Assignment> Exactly the lines from the one containing "Jak naprawić klucz do samochodu Renault Trafic? Jak" through the end of the listing must make up the answer, with no pictures included.

Material for this exercise>
--- START ---
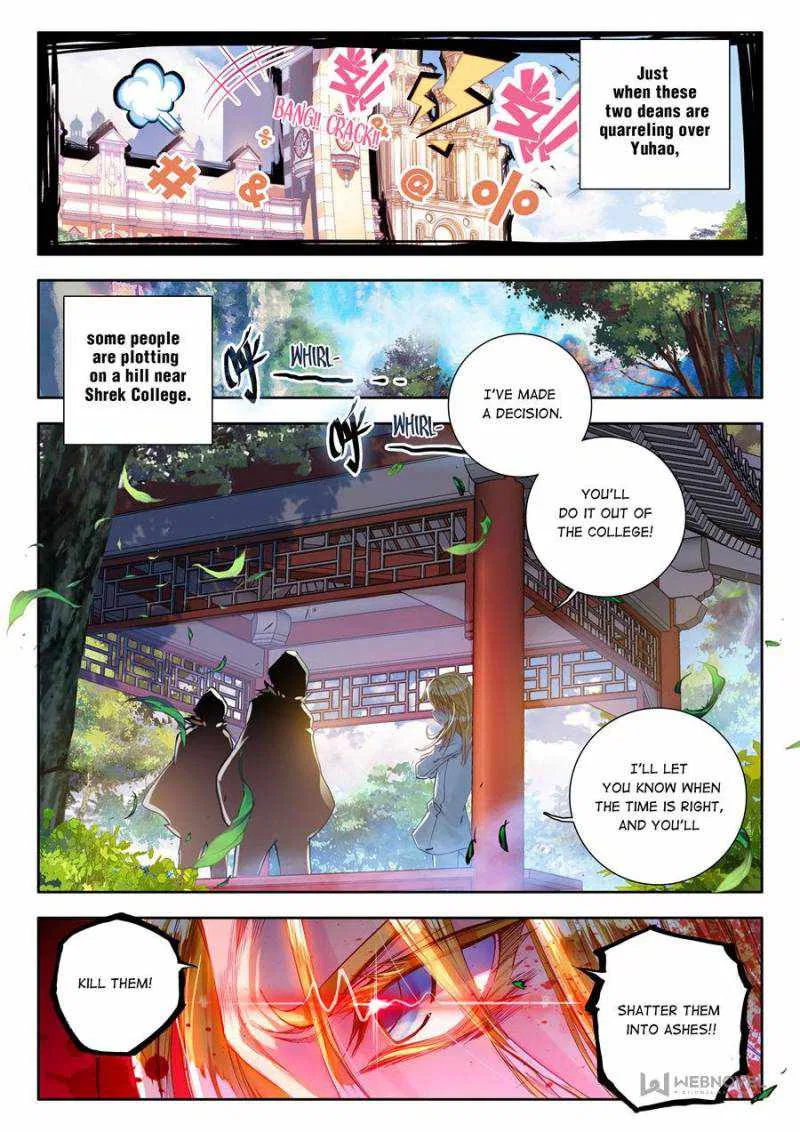 Soul Land – Legend Of Tangs’ Hero Chapter 50 – Page 24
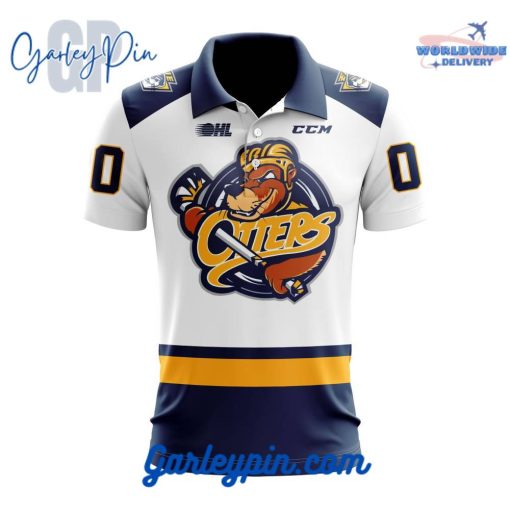 Erie Otters Personalized Polo Shirt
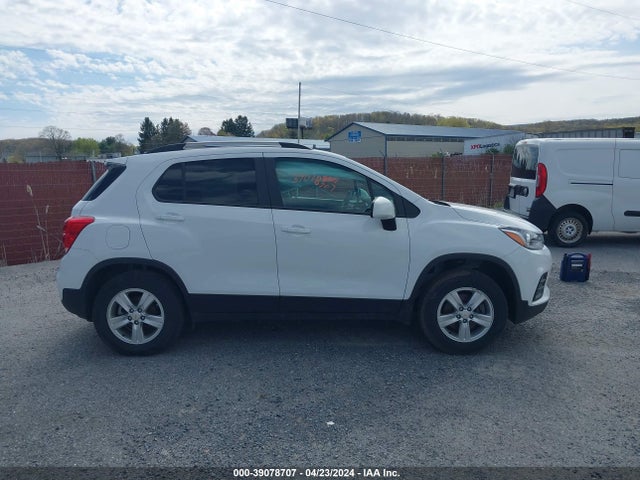 Chevrolet Trax Awd Lt 2021 KL7CJPSB5MB331441 Image 13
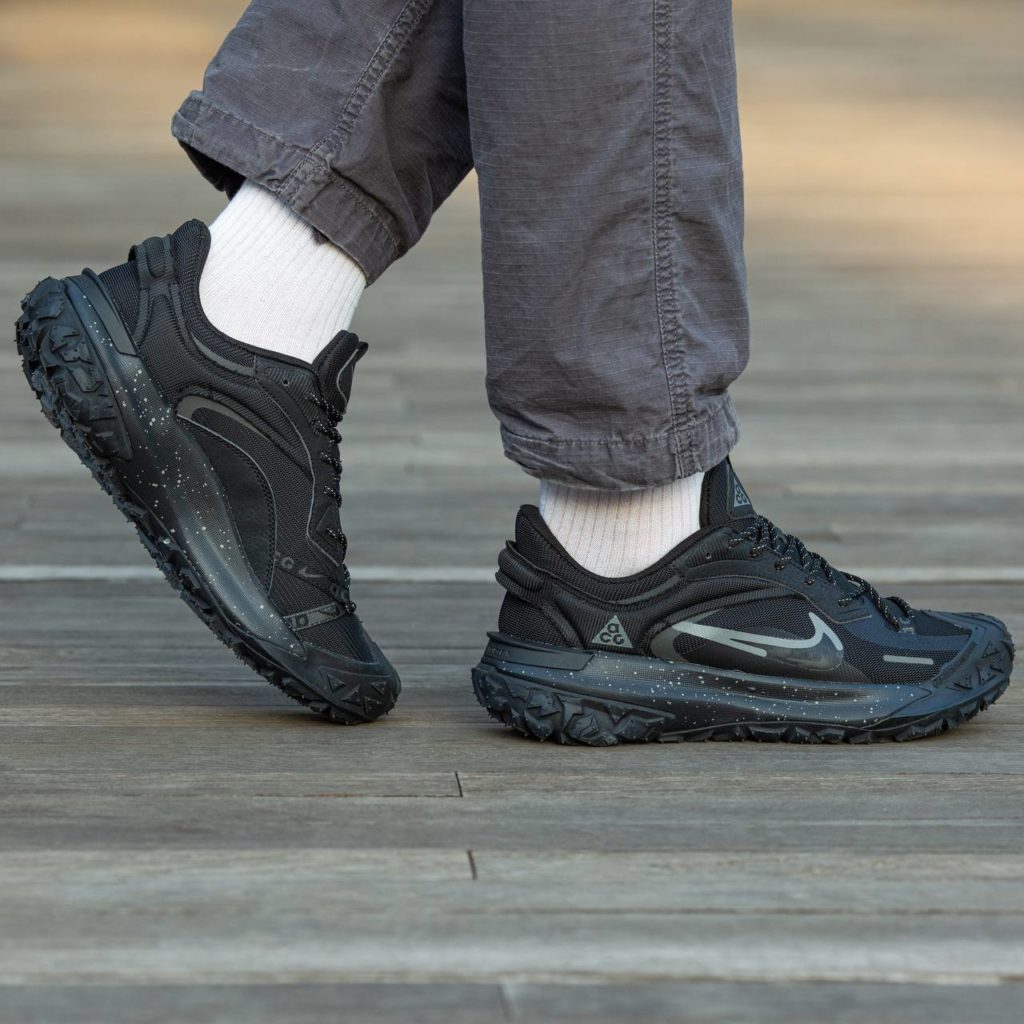 Nike ACG Mounth fly 2  Low Black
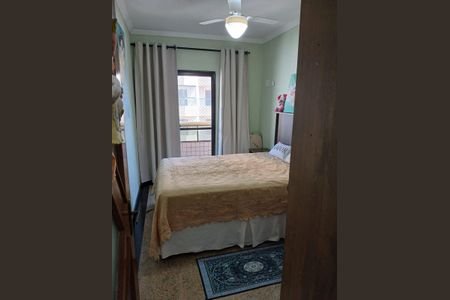 Quarto de apartamento para alugar com 3 quartos, 150m² em Cidade Ocian, Praia Grande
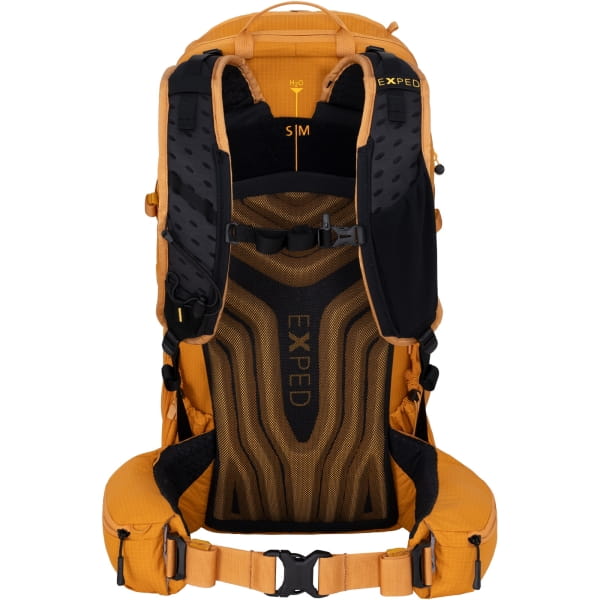 EXPED Skyline 30 - Wanderrucksack gold - Bild 8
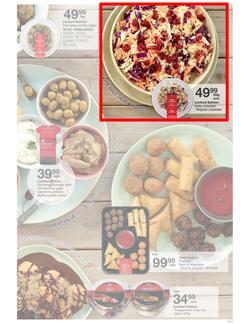 Checkers Western Cape : Easy Summer Entertaining ( 25 Nov - 05 Jan 2014 ) , page 7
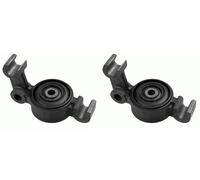 2 x Buje de cilindro del kit SACHS para SAAB 44077 II, 45172, 9-3X
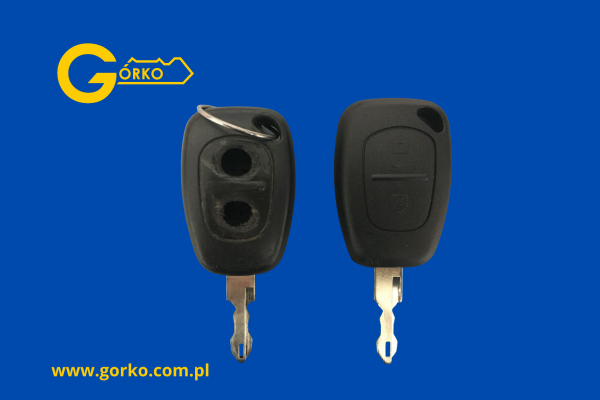 Jak naprawić klucz do samochodu Renault Trafic? Jak naprawić klucz do samochodu Renault Trafic?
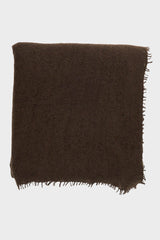 Open Knitted Throw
--- END ---
Result of this exercise>
 Jak naprawić klucz do samochodu Renault Trafic? Jak naprawić klucz do samochodu Renault Trafic?
 Open Knitted Throw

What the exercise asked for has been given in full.